The primary importance of developing cultivars with high TCC is to nutritionally enrich the diet, from the supply of β-carotene as provitamin A, through its roots. In this sense, it is expected that in the next breeding cycles, the sweet cassava cultivars with high carotenoid content will be developed, and their agronomic and organoleptic characteristics adjusted, to achieve stability of cultivation in different environments.

Final remarks

Wide genetic variability was identified in the biofortified cassava germplasm for attributes associated with root quality and agronomic performance, and the grouping of genotypes into six clearly distinct groups regarding the evaluated traits constitutes an important starting point for further conservation studies and use of these genetic resources for breeding purposes.

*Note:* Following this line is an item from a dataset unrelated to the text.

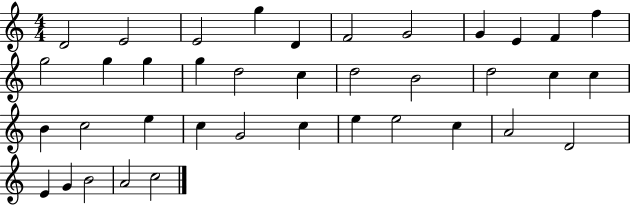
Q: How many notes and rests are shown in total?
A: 38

The magnitudes and directions of the correlations identified between the traits with the greatest agronomic impact on the development of sweet cassava cultivars will certainly contribute to the development of better selection strategies and composition of economic weights in selection indexes.

The higher heritability for TCC (\({h}^{2}\) = 0.72) in cassava roots indicates that the selection of plants with this characteristic can be initiated at earlier stages of the breeding program in which there are non-replicated clones grown in only one environment, such as the seedling evaluation phase and clonal evaluation trial. However, for low or medium heritability traits such as DMC, selection should be initiated in trials that allow the evaluation with repetition within clones and in different environments, such as preliminary, advanced, and regional yield trials.

The 30 genotypes selected as parents for recombination in the biofortified sweet cassava program will allow the achievement of important and simultaneous genetic gains, especially for TCC (27.05%), DMC (2.44%), FRY (22.72%), DRY (22.95%) and HCN (-23.03%).